TASK BRIEF =
Pictures excluded, output exactly the lines from the one containing "Dhiyona Women's Ethnic" through the last line of the listing below.

INFORMATION GIVEN =
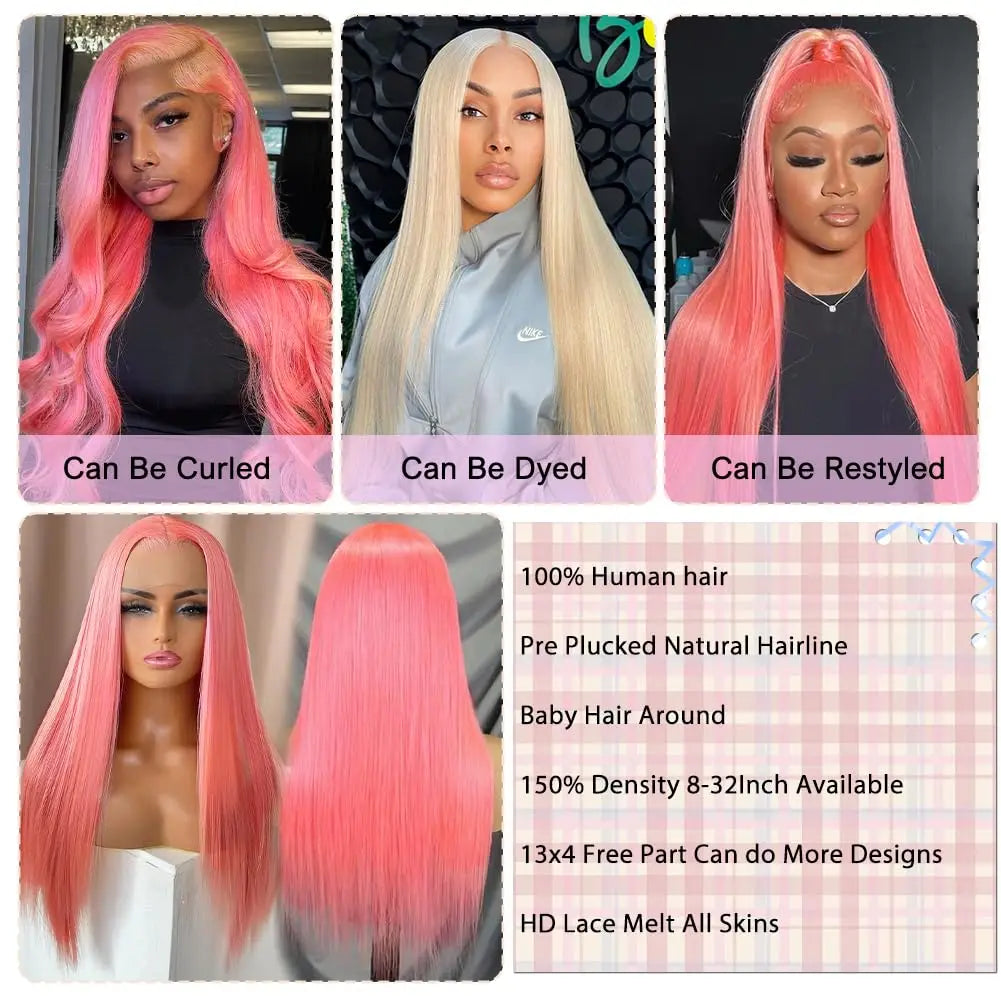 Pink 13x6 Hd Straight Lace Front Wig Human Hair 30 Inch Pink Lace Front Wig Human Hair For Black Women Pre Plucked 200% Density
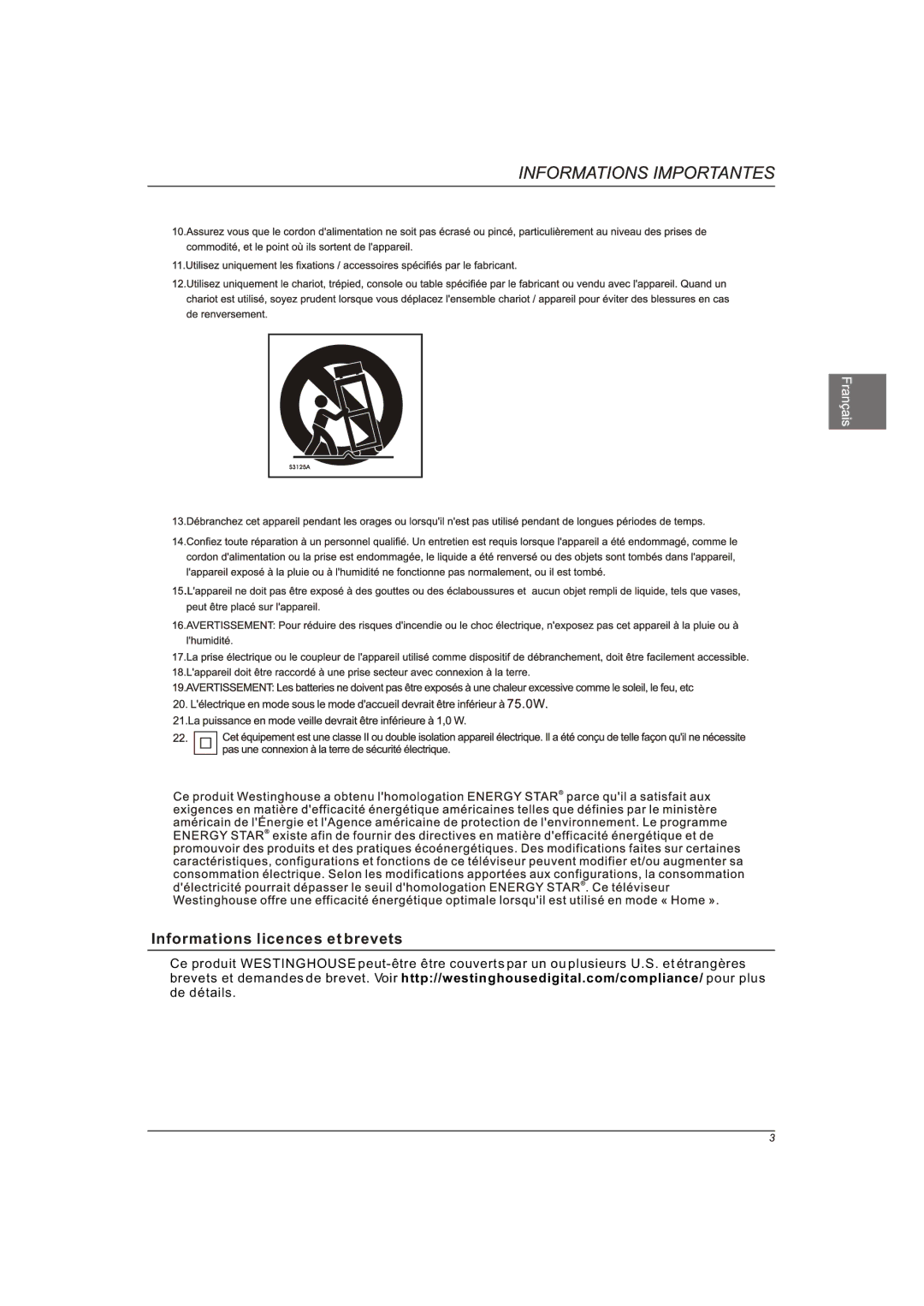 Westinghouse EW40T2XW manual Informations licences et brevets 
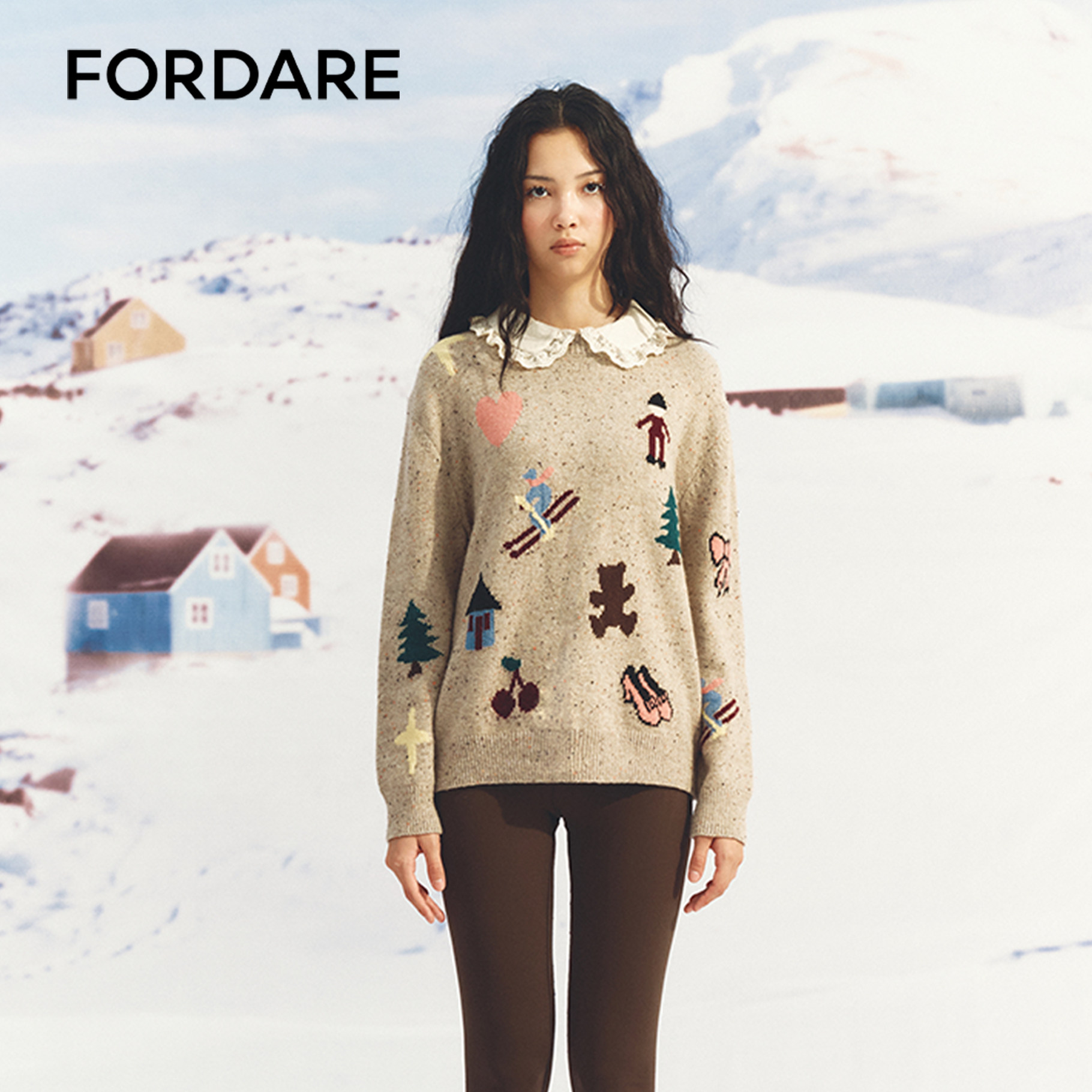 FORDARE/福蝶26秋冬趣味冬日图案可脱卸小领子圆领毛衫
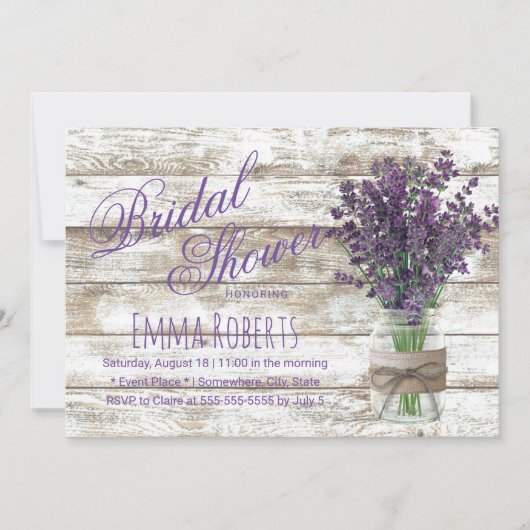 Rustic Lavender Floral Mason Jar Vrijgezellenfeest Kaart (Voorkant)
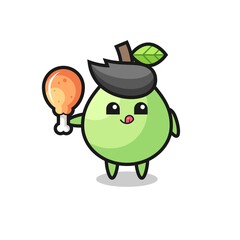 Obraz premium guava cute mascot is eating a fried chicken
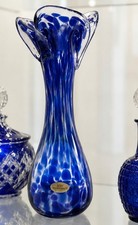 Vintage Hand Blown Cobalt Blue White Art Glass Vase Murano Style Ruffled Rim MCM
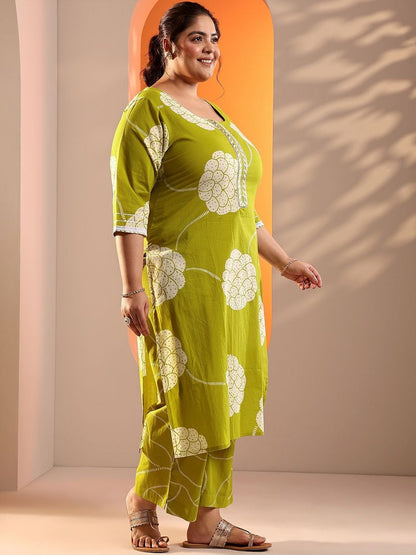 Dhiyona Women's Ethnic Motifs Printed Plus Size Kurta with Trousers & Dupatta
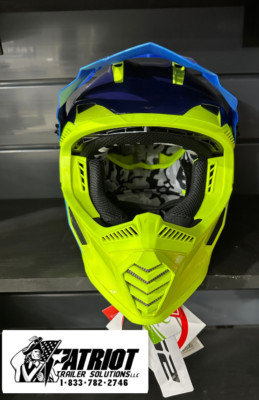 LS2 Gate Launch Full Face MX Motorcycle Helmet Blue HiViz - Youth Large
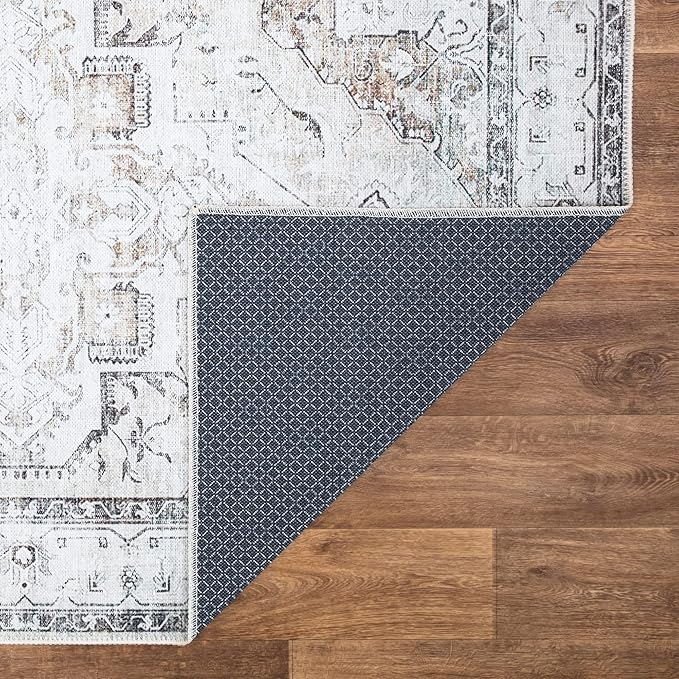 Bloom Rugs Washable Non-Slip 7 ft Runner - Brown/Beige/Charcoal Traditional Runner for Entryway, Hallway, Bathroom, and Kitchen - Exact Size: 2.5' x 7'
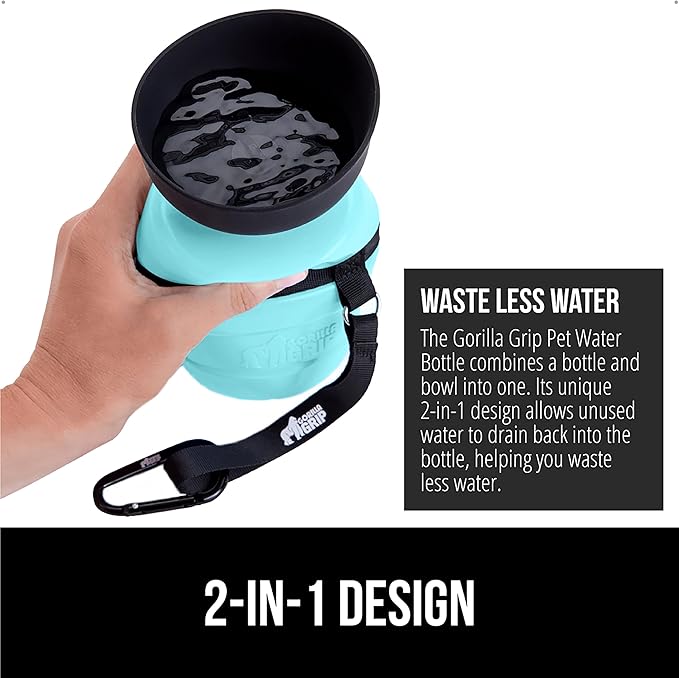 GORILLA GRIP Dog Water Bottle, Portable Water Bowl Dispenser for Dogs, 16 oz Leak Proof Pet Travel Squeeze Bottles, Food Grade Silicone, Puppy Essentials, Hiking Camping Trip Accessories, Turquoise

REPLY TO THE EXERCISE =
 Dhiyona Women's Ethnic Motifs Printed Plus Size Kurta with Trousers & Dupatta
 LS2 Gate Launch Full Face MX Motorcycle Helmet Blue HiViz - Youth Large
 Bloom Rugs Washable Non-Slip 7 ft Runner - Brown/Beige/Charcoal Traditional Runner for Entryway, Hallway, Bathroom, and Kitchen - Exact Size: 2.5' x 7'
 GORILLA GRIP Dog Water Bottle, Portable Water Bowl Dispenser for Dogs, 16 oz Leak Proof Pet Travel Squeeze Bottles, Food Grade Silicone, Puppy Essentials, Hiking Camping Trip Accessories, Turquoise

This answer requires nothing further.